I disagree. Certain landmarks will seem more important than others, such as intelligence 'tests', like the day a machine unequivocally passes a Turing test. In hindsight, we should be able to further isolate and identify those important landmarks that led to, or directly caused, the singularity.
Furthermore, historians being historians, I am quite convinced a date WILL be included in the history books, regardless of merit.
Like the date of Google's birthday. Maybe a lot like that - since, of those who are trying, they are probably in the lead.
A more likely milestone is the moment the FAI team decides to hit "run" on a design that eventually takes over the world. There will be a day before and a day after that.
That is not going to happen, though. Designing intelligent machines is an incremental process involving teams of humans and machines - and the involvement of humans in the design process will diminish gradually - one human at a time - through automation.
Launching a particular design (version x.y.z) is a one-time event. From that perspective, AI is not a web site. It's a rocket.
Let me rephrase: the math behind AI will take some time do be discovered. The discovery process will be incremental, with some important milestones ("Conciousness Reduced", "Bypassing Löbs Theorem"…). At one point, the FAI team will have realized they have found the solution. They will know what to do to make Friendly AI happen. This realization will also be incremental. They will likely discuss the solution before everyone agrees it is the right one.
One key point about that solution is that it is provably safe. To prove a solution is safe, you have to describe it with mathematical precision. When you can do that, you can also write a computer program that implements that solution. And that's exactly what they will do, because they don't want to leave any room for human error.
At one point, the program that implements the solution will be build. Again, this will be incremental. There will be bugs, which will be corrected. Then there will be no bug left. Then the FAI team will, gradually, realize there is no bug.
And then, and only then, someone will push the red button, type
build && runor something. The provably correct program will then execute the provably correct solution to make FAI happen. The ultimate milestone.
We're not finished. The program runs, but we don't have a super-intelligence capable of fixing our problems yet. But we will. Singularity will happen, gradually, self improvement by self improvement. Humans will probably be kept in the loop as well, for preference extraction. But they won't be holding the steering wheel.

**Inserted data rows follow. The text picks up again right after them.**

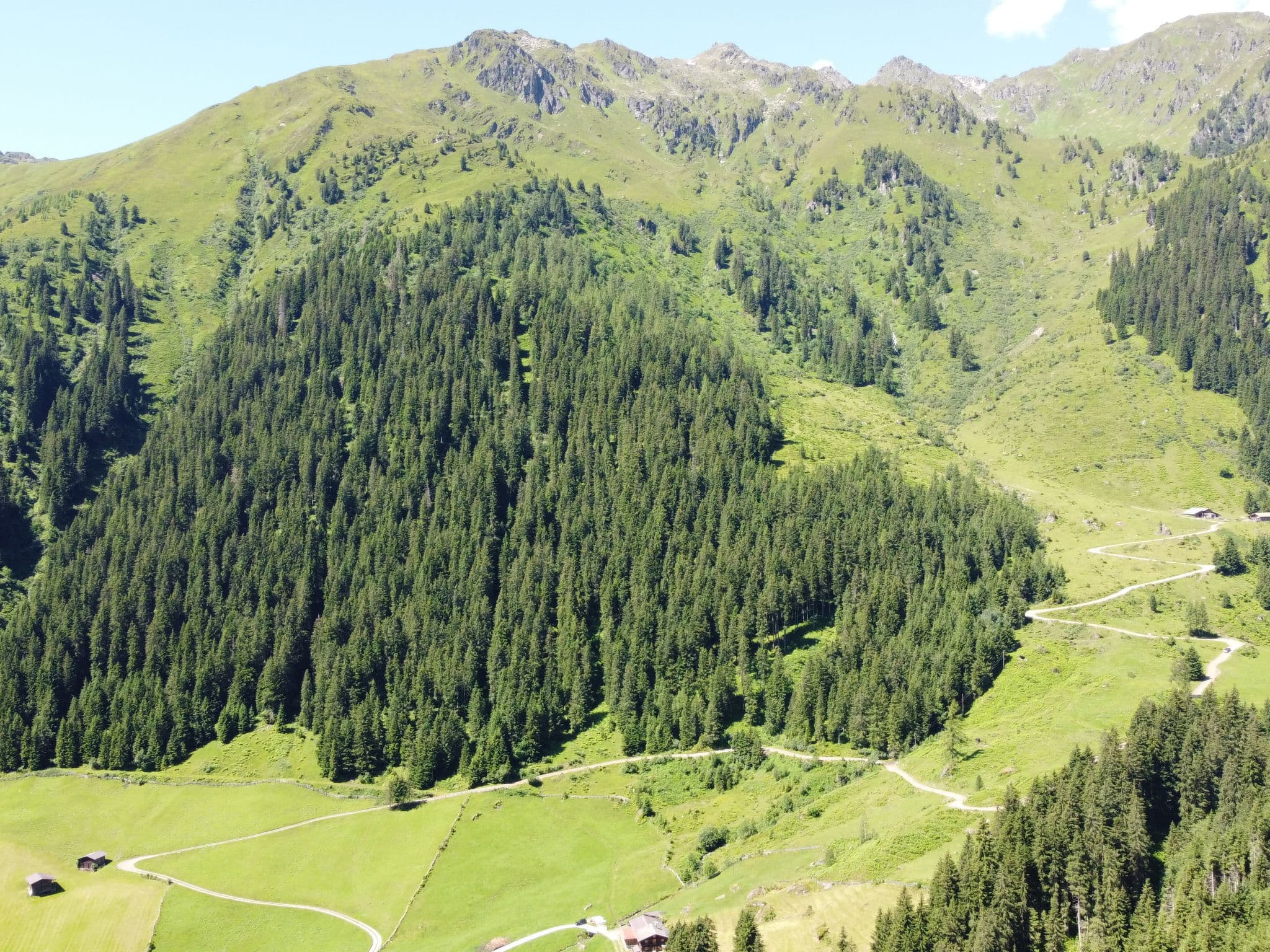 View
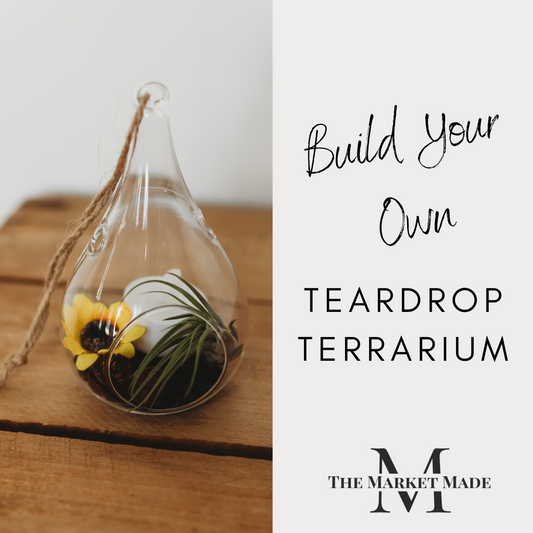 Teardrop Build Your Own Terrarium Kit | Do It Yourself Air Plant Glass Teardrop Terrarium | Customizable Plant Decor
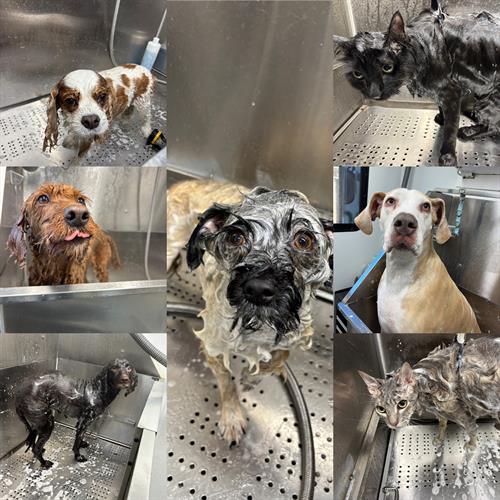 Gallery Image BB48F6EF-F7D8-4948-88CB-D6BA24A16D7E(1).jpeg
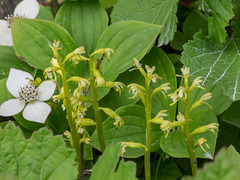 Corallorhiza trifida (Early Coralroot orchid)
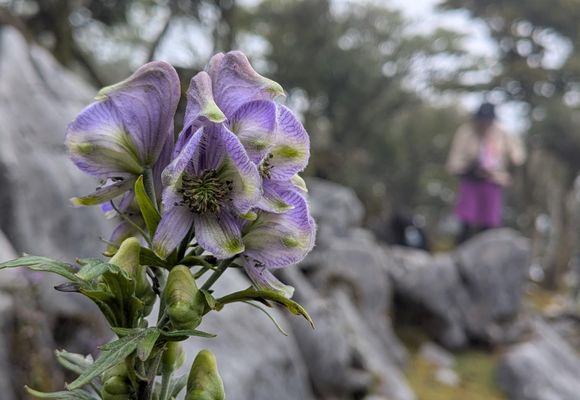 やまちゃん👨‍🦲｜大分県の登山記録 | YAMAP / ヤマップ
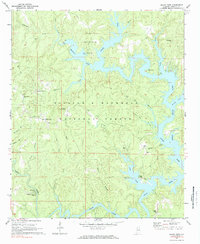 Download a high-resolution, GPS-compatible USGS topo map for Black Pond, AL (1984 edition)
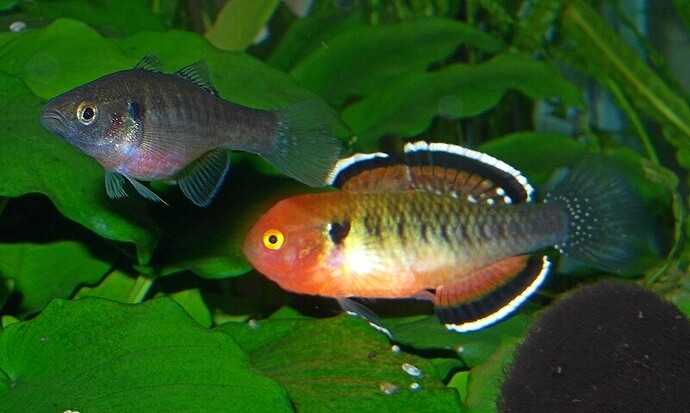 Empire Gudgeon.pair 2.jpg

That looks like a very detailed story, but the core point is very simple: design, write the program, and prove (possibly iteratively), and only then, launch. Because running a program that's still in development is not safe —the video is a joke, but its core point stands: why in the name of Azathoth did the guy launched a self-improving sentient program without knowing for sure it will be safe? If we win, that sure won't be by trial and error.
We don't seem to agree. This isn't how technology gets built. Nobody proved the first aeroplane was safe. Nobody proved the first space rocket was safe. They weren't safe. No areoplanes or spaceships have ever been proven safe. You may be able to prove some things about the design process, but not safety - security doesn't work like that.
There is something called "provable security" in cryptography - but it doesn't really mean what its title says. It means that you can prove something relating to security in a particular model - not that you can prove something is safe.
I made 2 assumptions here
You, on the other hand, say that we will most certainly not take those drastic precautions. And you know the worst part? I agree. Which take us back to square one: by default, we're doomed. (There. You've done it. Now I'm scared.)
Evolution isn't really a win/lose game. Organisms succeed in perpetuating themselves - and the things they value - to varying degrees. Humans seem set to survive in the history books, but our overall influence on the future looks set to be quite marginal - due to the substantial influence of technological determinism - except in the unlikely case where we permanently destroy civilization. Of course we can still try - but I just don't think our best shot looks much like what you described. Of course it might be fun if we had time for all that stuff about provable security - but at the moment, the situation looks a lot like a frantic race, and that looks like exactly the sort of thing that will be first to go up against the wall.
Are you saying that you don't buy the scary idea?
I said I considered destroying "civilization" to be unlikely. Going by this:
...the scary idea claims to be about "the human race". I don't define "civilization" in a human-centric way - so I don't class those as being the same thing - for instance, I think that civilization might well continue after an "involuntary" robot takeover.
Well, a civilization with humanity all dead is pretty much certainly not what we want. I don't care if in the grand scheme of things, this isn't a win/lose game. I think I have something like a utility function, and I want it maximized, period.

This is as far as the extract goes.